Venerdì 21 Febbraio 2020
Giorgio Armani: «Le pubblicità con le donne seminude sono una forma di stupro. Colpa di noi stilisti»
«Si parla di donne stuprate in un angolo. Le donne oggi sono regolarmente stuprate dagli stilisti, e mi ci metto anch'io. È indegno quello che succede», tuona Giorgio Armani. E si scaglia contro la pubblicità che mostrano donne seminude. «Penso a certi manifesti pubblicitari in cui si vedono donne provocanti, seminude: succede che in molte si sentano obbligate a pensare anche loro di mostrarsi così. Questo per me è uno stupro. Scusate lo sfogo e le parole forti, ma sentivo di doverlo dire».
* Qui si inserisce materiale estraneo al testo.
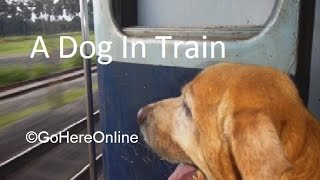 A Dog Carried in the Train  Indian Railway  Rules to Carry Pets in Trains [upl. by Bena]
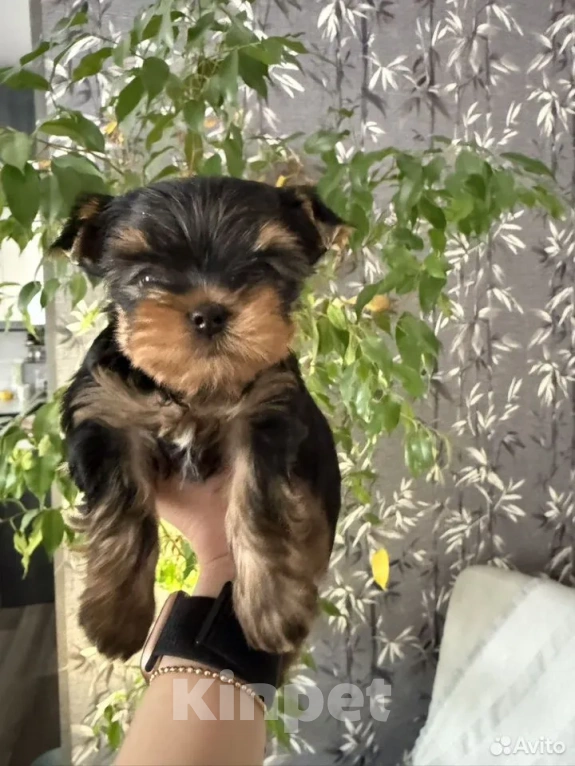 Собаки в Красноярске: Щенки йоркширского терьера Мальчик, 35 000 руб. - фото 2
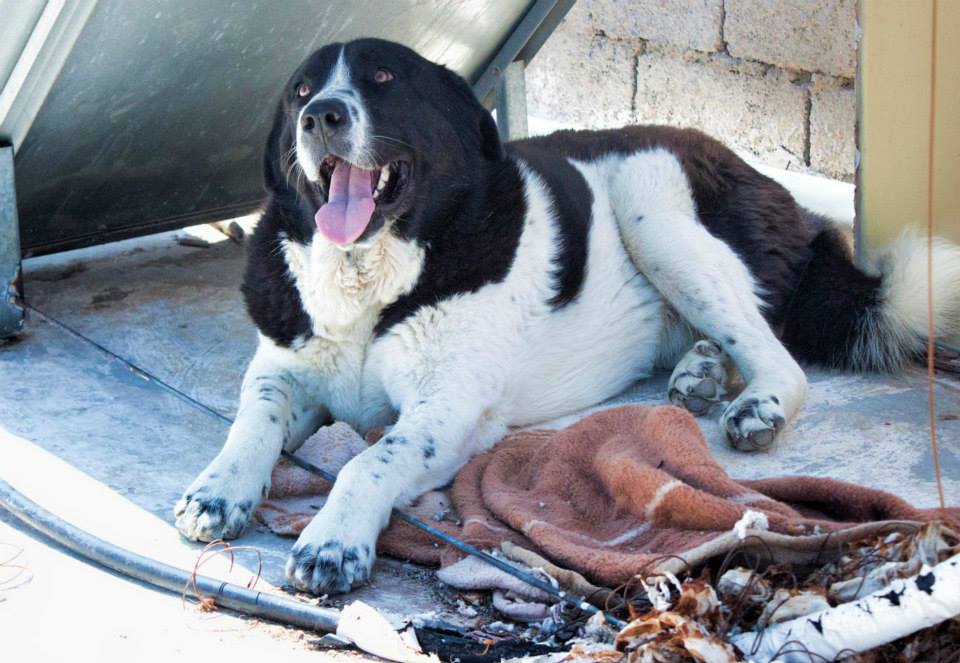 Έκκληση για την σωτηρία των σκυλιών που αργοπεθαίνουν εγκαταλελειμμένα στην Σαλαμίνα - Φωτογραφία 3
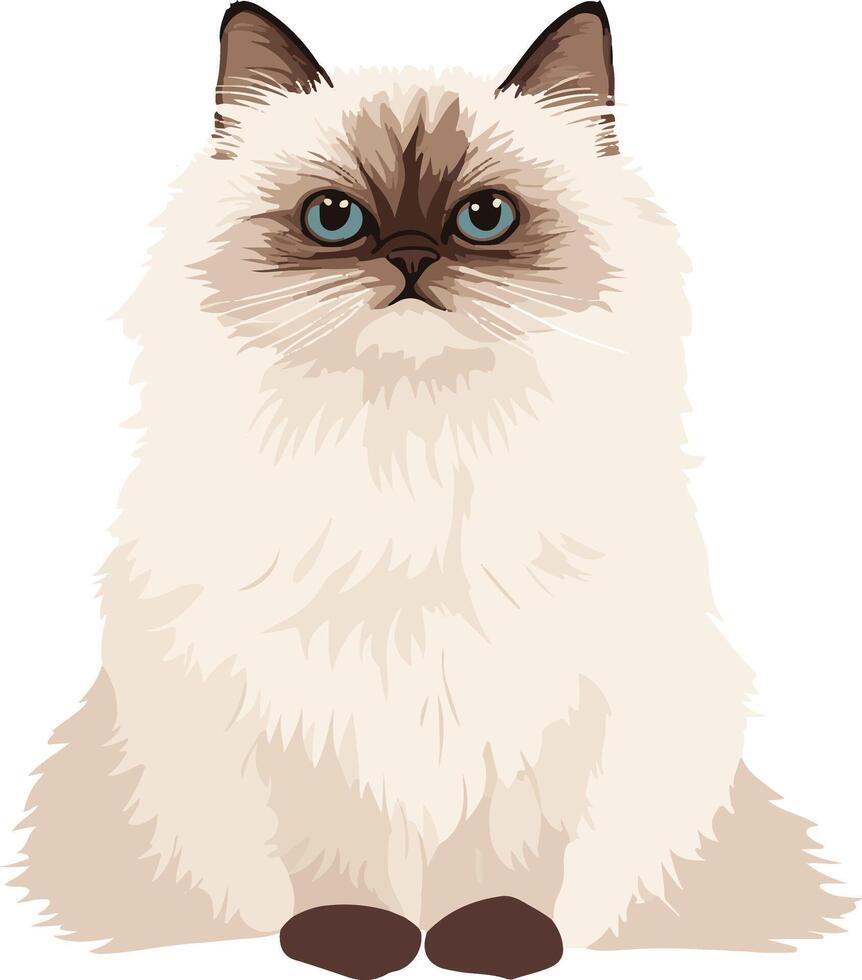sweet cute simple Himalayan Colorpoint Persian clipart vector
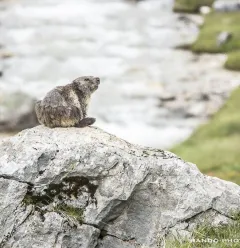 OT marmotte_DSC3366.jpg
«Sono stufo - confida lo stilista di sentirmi chiedere le tendenze del momento. Le tendenze non sono niente, non ci devono essere. La cosa più importante è vestire le donne al meglio oggi evitando il ridicolo, non discutere di “cosa va di moda”. Piantiamola di essere succubi di questo sistema» Libertà dalle tendenze che «non sono niente, bisogna migliorare - è il pensiero di Armani - la donna che vive adesso». Con questa collezione, «ho dato - sottolinea - la massima libertà alle donne, che se hanno un pò di testa sanno come gestire questa possibilità». Alla stampa incontrata subito dopo la sfilata, Armani rivolge un invito: «dovreste piantarla di parlare di tendenze che non ci sono, anzi, non devono esserci perché una giacca gonfia non aiuta a essere snelle o sexy ma a infagottarsi, è una tendenza che non riconosco come accettabile».